Still, if Brownback just wanted to say what his personal preferences are, that's all fine. I might wince at his repetitive style and self-centered assertions, but they're probably the fault of a conservative staffer who thought this was what a Times op-ed should sound like. It's the point at which Brownback stops speaking about personal beliefs and starts talking in normative generalities that I get worried: "Those aspects of evolutionary theory compatible with this truth are a welcome addition to human knowledge. Aspects of these theories that undermine this truth, however, should be firmly rejected as an atheistic theology posing as science."

So now whether a particular part of a scientific theory is fit to be part of "human knowledge," the pursuit of which is funded by the U.S. government in a multitude of ways, will depend on whether it fits with Brownback's idea of what is true, i.e. humans that were created in God's image. Anything that doesn't fit with Brownback's idea of what is true will be rejected, no matter how good the research or logical the analysis, because it automatically must be "an atheistic theology posing as science."

I hope that Dr. Collins and other religious scientists who have benefited from government funding will speak up to protest any attempt to put a theological litmus test on what constitutes "a welcome addition to human knowledge." This seems to me not only unwise as a policy matter, but also potentially unconstitutional. The political appointees in a Brownback administration may perceive a non-Christian scientist as likely to spend any grants she receives on the pursuit of ideas that are incompatible with Brownback's truths.

Brownback munificently grants that micro-evolution within a species occurs, but his In-God's-Image stance would render impossible common ancestry for humans and other primates, unless he's saying that it wasn't until homo sapiens sapiens that the genus homo "reflect[ed] an image and likeness." Yet such basic acknowledgment of the fossil record doesn't require a belief in utterly random mutations that survived through natural selection, which is the aspect of modern evolutionary theory that honestly can be seen as a threat to belief in a conscious creation.
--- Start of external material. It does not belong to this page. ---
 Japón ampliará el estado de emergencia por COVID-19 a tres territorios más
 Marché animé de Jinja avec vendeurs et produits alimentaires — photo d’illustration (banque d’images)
One could think -- as some people do -- that God guided humans' and chimps' separate evolution from a Hominini ancestor, and that the traits of altruism, abstract thinking, etc. that interplay with sophisticated language and other capacities peculiar to humans were God-granted. I don't know much about paleoanthropology, but my understanding is that we still don't know much about how we came to have the common notion that a human who kills another human in order to possess the deceased's property should be punished by the remaining humans.

So, yes, Brownback is right that this is all complicated and doesn't fit well into a simple "raise your hand if you don't believe in evolution." He is wrong, however, to think that expanding on his views would reassure those of us who might have been worried by an anti-evolution president.